Federal parliament will soon be debating how to rebuild the damage done to Australia by this summer’s cyclone, floods and fires. All Australians will have seen either first-hand or on their television screens the damage that has been done not only to homes, but also to essential infrastructure such as bridges and roads. State and federal governments must now get the rebuilding process underway quickly, so the economic and social impact of these floods ends up being as small as possible.
At the same time, we need to recognise that the economic environment is strong. The latest labour force figures show that 62 percent of the adult population have a job (by contrast, the US employment to population ratio has fallen from 63 to 58 percent). A few months ago, when I asked Reserve Bank Governor Glenn Stevens about the Australian economy, he replied: ‘I sit around the table with my counterparts from 40 or 50 countries a number of times a year, and I have not yet found one whom I would want to swap places with.’
Yet despite the powerful performance of the Australian economy and the fact that our public debt share is less than one-tenth the average for most other developed economies, the Coalition seem unable to acknowledge that fiscal stimulus worked.
As though that wasn’t enough, the Coalition have now decided to oppose a progressive flood levy that would cost less than $1 a week for most taxpayers. Instead, they have offered up a series of budget cuts that would damage to Australia’s economic wellbeing and national standing. These include:
- Scrapping aid to Indonesian schools, a policy that boosts the life chances of thousands of Indonesian children, as well as helping to combat extremism.
- Delaying water buybacks in the Murray Darling basin – a fundamental microeconomic reform that will help move employment in the basin onto a more sustainable footing.
- Scrapping the ‘Helping Our Kids Understand Finance’ program. (You have to wonder whether any Liberal Party advisor thought to mention the irony of cutting financial literacy program just months after their election costings had been shown to be out by $11 billion.)
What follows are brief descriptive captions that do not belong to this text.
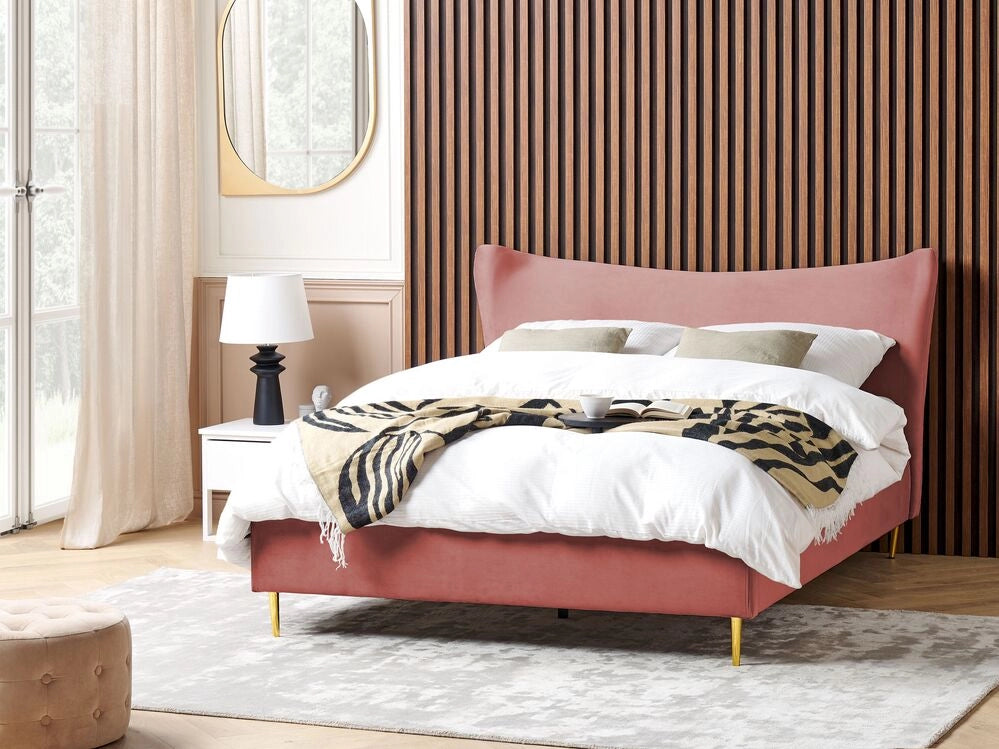 Letto in velluto rosa con struttura 160 x 200 cm gambe imbottite oro testiera stile glamour moderno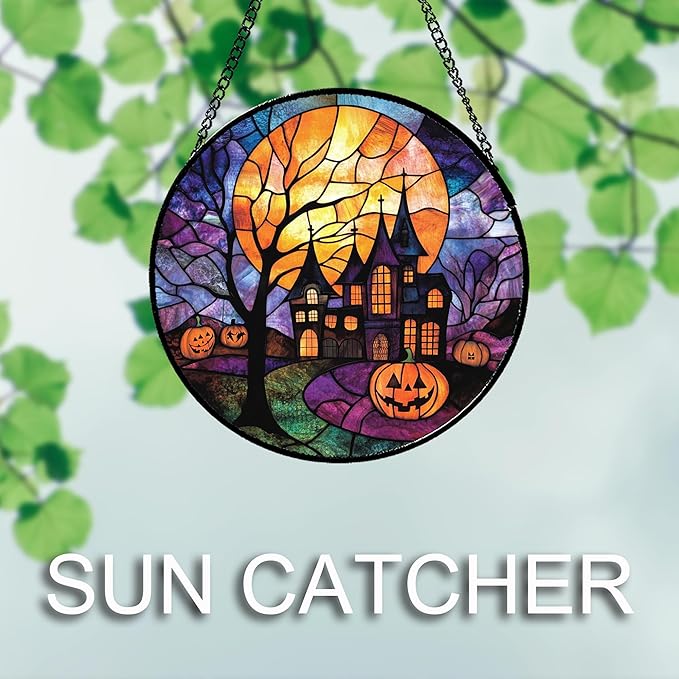 Stained Glass Window Hanging Halloween Horror Pumpkin 6.3" - Suncatcher Door Garden Sunroom Golden Moon Church Sun Catcher Birthday for Friend Mom Men Woman Nana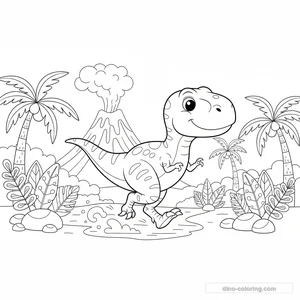 Desenho Running T-Rex para Colorir #8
I guess there must be people in the Coalition who believe in generous engagement with Asia, microeconomic reform, and financial literacy. It’s just a pity that they don’t appear to be the ones in charge.
Always saying no may be good short-term politics for Mr Abbott, but surely he also recognises the risk that it poses to his credibility over the long-run. The more often Tony Abbott reaches for the glib one-liner instead of a sound policy choice, the less likely the Australian people are to believe that he has the skills and temperament to govern the country.